Normally users deploy multiple workers to speed up queries, handle multiple queries in parallel or to just have enough memory available in the Cluster to execute a big query.

Taking this into consideration, the operator uses the following algorithm to determine the maximum number of workers allowed to be unavailable at the same time:

num_workers is the number of workers in the Trino cluster, summed over all roleGroups.

// As users normally scale Trino workers to achieve more performance, we can safely take out 10% of the workers.
let max_unavailable = num_workers / 10;

// Clamp to at least a single node allowed to be offline, so we don't block Kubernetes nodes from draining.
let max_unavailable = max(max_unavailable, 1)

This results e.g. in the following numbers:

Number of workers

Maximum unavailable workers

1 - 9

1

10 - 19

1

20 - 29

2

30 - 39

3

100 - 109

10

Reduce rolling redeployment durations

The default PDBs of the operator are pessimistic and will cause the rolling redeployment to take a considerable amount of time. As an example, in a cluster with 100 workers, 10 workers are restarted at the same time.

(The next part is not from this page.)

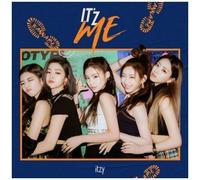Itzy - It'z Me (Random Cover) (Incl. 80pg Photobook, Frame Sleeve, Cover Postcar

Assuming a worker takes 5 minutes to properly restart, the whole redeployment will take (100 nodes / 10 nodes simultaneous * 5 minutest = ) 50 minutes.

You can use the following measures to speed this up:

  1. Increase maxUnavailable using the spec.workers.roleConfig.podDisruptionBudget.maxUnavailable field as described in Allowed Pod disruptions.

  2. Write your own PDBs as described in Using you own custom PDBs.

In case you modify or disable the default PDBs, it is your responsibility to make sure there are enough workers available to manage the existing workload and performance requirements!